§ Task objective: The required result is every line of the records that includes "isolated".

(Short web captions)
========================

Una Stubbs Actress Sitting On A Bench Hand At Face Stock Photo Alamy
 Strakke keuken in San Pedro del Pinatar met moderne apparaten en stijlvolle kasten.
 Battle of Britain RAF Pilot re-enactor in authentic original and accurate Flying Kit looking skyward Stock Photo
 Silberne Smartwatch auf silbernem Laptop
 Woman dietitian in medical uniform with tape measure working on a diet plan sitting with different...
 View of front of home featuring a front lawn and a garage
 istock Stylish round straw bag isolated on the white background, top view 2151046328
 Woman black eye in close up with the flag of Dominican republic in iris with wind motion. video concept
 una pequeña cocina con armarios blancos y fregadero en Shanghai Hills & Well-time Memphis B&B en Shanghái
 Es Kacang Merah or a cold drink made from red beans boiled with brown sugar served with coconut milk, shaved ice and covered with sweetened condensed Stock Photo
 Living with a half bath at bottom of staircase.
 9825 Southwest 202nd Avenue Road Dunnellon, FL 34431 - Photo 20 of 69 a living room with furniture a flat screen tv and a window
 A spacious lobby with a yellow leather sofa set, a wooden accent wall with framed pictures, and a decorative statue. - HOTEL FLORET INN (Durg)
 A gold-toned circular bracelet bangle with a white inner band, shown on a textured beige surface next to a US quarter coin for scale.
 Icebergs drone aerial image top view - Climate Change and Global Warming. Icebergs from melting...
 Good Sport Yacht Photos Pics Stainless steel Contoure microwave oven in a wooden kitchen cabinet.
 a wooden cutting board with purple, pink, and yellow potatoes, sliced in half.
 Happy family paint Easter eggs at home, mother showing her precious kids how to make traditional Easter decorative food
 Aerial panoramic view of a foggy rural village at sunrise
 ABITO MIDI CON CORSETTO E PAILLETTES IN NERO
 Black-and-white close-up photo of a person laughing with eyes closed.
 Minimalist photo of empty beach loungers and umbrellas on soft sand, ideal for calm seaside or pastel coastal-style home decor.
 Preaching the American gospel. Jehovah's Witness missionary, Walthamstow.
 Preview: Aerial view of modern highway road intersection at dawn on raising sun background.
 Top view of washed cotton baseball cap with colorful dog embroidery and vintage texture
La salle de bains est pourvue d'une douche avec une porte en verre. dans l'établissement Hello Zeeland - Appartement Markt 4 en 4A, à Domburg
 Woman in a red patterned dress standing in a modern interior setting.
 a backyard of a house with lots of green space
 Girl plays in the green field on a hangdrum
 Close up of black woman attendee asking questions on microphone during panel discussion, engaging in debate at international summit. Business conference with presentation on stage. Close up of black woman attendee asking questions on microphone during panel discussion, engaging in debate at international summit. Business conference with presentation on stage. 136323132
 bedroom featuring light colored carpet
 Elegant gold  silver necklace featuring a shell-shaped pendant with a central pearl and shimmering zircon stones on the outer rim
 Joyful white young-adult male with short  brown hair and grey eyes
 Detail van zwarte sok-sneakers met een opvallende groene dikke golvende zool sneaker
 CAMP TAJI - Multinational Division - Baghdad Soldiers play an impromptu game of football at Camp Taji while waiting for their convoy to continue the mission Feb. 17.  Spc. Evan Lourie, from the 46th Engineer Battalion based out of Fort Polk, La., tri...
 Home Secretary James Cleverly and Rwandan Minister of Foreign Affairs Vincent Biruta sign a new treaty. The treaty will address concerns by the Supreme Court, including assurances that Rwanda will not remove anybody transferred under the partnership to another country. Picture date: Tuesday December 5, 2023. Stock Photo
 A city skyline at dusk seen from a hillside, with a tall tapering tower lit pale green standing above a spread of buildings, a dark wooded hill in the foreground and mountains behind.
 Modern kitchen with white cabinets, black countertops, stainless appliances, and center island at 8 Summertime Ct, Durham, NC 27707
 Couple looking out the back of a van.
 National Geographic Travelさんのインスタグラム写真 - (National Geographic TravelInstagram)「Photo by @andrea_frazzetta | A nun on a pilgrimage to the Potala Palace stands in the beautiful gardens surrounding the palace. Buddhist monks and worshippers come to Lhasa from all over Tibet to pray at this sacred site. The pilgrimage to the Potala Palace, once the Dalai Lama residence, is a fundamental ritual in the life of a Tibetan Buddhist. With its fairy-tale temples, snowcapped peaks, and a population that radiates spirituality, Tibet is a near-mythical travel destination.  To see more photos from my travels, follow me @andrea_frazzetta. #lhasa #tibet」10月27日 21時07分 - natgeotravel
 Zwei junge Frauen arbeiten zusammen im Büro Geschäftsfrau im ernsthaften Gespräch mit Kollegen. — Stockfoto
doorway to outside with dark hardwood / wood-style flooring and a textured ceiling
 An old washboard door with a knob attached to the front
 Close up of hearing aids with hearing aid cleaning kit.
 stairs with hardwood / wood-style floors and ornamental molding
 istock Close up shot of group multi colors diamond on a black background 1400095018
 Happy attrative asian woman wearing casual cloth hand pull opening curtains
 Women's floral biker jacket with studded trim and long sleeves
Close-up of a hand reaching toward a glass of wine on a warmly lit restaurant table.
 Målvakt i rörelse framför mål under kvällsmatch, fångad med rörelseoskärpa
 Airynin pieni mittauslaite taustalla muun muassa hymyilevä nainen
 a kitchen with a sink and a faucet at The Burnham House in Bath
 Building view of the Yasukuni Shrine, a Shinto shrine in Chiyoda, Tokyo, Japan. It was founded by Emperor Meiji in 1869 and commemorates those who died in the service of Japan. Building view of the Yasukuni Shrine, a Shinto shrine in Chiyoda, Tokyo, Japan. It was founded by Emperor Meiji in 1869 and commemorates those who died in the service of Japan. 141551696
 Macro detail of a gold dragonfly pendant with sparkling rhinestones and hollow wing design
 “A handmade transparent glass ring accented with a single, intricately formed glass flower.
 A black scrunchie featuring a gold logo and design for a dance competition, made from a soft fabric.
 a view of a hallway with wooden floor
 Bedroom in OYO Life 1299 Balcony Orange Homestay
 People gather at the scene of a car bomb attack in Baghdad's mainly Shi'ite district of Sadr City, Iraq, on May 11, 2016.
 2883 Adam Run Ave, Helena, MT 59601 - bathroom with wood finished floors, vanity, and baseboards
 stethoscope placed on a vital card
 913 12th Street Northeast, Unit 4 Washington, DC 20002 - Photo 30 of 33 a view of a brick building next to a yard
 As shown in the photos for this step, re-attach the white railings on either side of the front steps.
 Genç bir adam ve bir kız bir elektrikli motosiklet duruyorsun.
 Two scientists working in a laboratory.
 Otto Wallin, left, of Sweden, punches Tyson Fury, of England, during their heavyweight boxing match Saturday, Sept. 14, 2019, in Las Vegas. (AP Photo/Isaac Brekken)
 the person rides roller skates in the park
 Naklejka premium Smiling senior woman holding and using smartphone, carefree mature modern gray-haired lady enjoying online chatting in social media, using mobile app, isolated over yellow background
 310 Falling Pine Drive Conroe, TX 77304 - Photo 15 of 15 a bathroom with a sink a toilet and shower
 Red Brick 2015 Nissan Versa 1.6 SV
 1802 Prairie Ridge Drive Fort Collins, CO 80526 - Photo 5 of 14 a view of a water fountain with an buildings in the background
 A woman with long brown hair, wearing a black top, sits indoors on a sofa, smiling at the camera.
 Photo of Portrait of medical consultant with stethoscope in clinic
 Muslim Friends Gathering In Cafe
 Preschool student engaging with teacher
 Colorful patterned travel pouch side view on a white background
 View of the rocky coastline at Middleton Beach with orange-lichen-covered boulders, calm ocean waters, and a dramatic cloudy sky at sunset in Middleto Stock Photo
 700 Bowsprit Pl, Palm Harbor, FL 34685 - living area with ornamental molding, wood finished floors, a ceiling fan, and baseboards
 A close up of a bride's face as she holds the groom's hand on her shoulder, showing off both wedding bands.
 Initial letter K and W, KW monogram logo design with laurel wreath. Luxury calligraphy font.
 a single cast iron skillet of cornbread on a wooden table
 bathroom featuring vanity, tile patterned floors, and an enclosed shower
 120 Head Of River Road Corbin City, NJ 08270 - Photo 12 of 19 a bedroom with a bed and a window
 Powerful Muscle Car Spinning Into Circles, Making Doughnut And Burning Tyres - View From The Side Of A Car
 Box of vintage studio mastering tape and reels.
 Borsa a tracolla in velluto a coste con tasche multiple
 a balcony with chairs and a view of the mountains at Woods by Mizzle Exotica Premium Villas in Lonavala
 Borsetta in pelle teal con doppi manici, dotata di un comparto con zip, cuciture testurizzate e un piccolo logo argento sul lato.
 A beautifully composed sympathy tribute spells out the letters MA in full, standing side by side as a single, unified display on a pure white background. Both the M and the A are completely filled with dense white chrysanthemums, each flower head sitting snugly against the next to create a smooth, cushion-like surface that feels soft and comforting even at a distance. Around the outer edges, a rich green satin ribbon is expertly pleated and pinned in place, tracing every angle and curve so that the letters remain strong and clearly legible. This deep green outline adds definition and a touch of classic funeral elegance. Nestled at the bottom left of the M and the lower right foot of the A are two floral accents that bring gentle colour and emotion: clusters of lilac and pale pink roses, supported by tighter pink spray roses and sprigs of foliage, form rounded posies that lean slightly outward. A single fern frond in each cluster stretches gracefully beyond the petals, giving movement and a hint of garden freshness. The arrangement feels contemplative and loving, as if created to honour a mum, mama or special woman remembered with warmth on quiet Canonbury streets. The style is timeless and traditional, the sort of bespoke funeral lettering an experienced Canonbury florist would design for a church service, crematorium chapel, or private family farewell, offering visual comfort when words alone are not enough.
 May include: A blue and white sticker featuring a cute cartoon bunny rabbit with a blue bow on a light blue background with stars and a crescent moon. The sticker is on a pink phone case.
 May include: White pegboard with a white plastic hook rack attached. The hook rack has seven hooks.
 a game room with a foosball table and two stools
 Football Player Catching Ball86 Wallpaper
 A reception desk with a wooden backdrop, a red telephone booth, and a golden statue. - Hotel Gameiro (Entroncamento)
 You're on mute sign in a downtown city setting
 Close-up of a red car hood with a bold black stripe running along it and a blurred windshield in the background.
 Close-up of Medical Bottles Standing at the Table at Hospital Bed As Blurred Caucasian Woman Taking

========================

§ Exercise response:
 istock Stylish round straw bag isolated on the white background, top view 2151046328
 Naklejka premium Smiling senior woman holding and using smartphone, carefree mature modern gray-haired lady enjoying online chatting in social media, using mobile app, isolated over yellow background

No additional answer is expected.